Non migliore esito per il nemico avevano le battaglie dal lato della Polcevera; imperocchè i Genovesi non trascuravano in parte alcuna la difesa di que’ luoghi.

Schulembourg, che non poteva superare i forti petti degli Italiani, lasciava che i suoi soldati infierissero sugli inermi, solito andazzo austriaco che l’Italia dovrebbe sapere a prova e non dimenticar mai. Le crudeltà, i saccheggi, gl’incendi dalle truppe dell’apostolica Imperatrice commessi non ponno credersi. Non perdonavano le truculenti, a sesso, a età, a condizione; chi ferivano, chi contaminavano, chi trucidavano con barbari modi. Campane, vasi sacri, ornamenti di chiesa, marmi, statue, quadri, ferriate, vetri, suppellettili, mobili, tutto depredavano i saccomanni, e dalla spiaggia di Sestri di Ponente tutto imbarcavano su navi inglesi per Livorno e Savona. I sepolcri stessi non andavano esenti dalla loro rapacità; imperocchè li aprivano, e se vi trovavano alcun ornamento d’oro o d’argento posto ai morti dai congiunti o dagli amici, quale segno di riverenza od amore, tutto essi rubavano, ed insaccato mandavano ai sicuri lidi.
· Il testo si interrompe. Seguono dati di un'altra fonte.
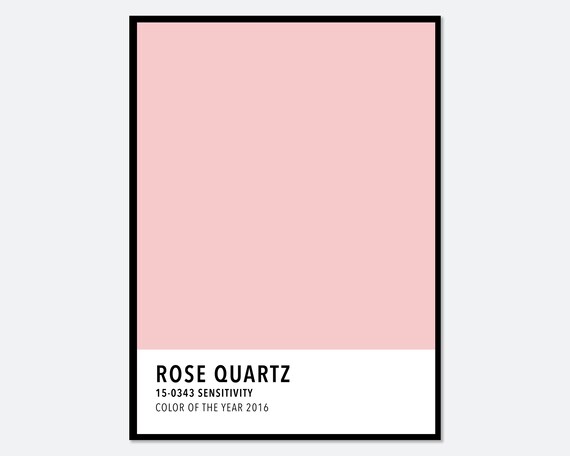 Rose Quartz Pastel Pink Color Card 2016 Color of the Year Poster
Eppure erano quelli soldati di una regina, di una donna che diceva seguire la religione del Nazareno, che si faceva chiamare imperatrice apostolica. Ma l’Austriaco del divin Maestro non segue già le dottrine, sibbene quelle del Papa, e come questo della religione fa istrumento di barbarie e di dispotismo.

Un colonnello austriaco, un tal Franquin, uomo più che bestiale, vera bestia, dopo tante immanità commesse da non ridire, fe’ a Sestri evirare un cappuccino, perché il meschino frate non aveva saputo appuntino ragguagliarlo dello Stato di Genova. Ma il castigo di Dio non doveva tardare a colpire l’inumano uomo; chè, tirando gli Italiani coi cannoni dal poggio di Belvedere contro gli Austriaci alloggiati all’Incoronata, una palla vendicatrice lo percosse nel petto, e lo stramazzò cadavere nel fango.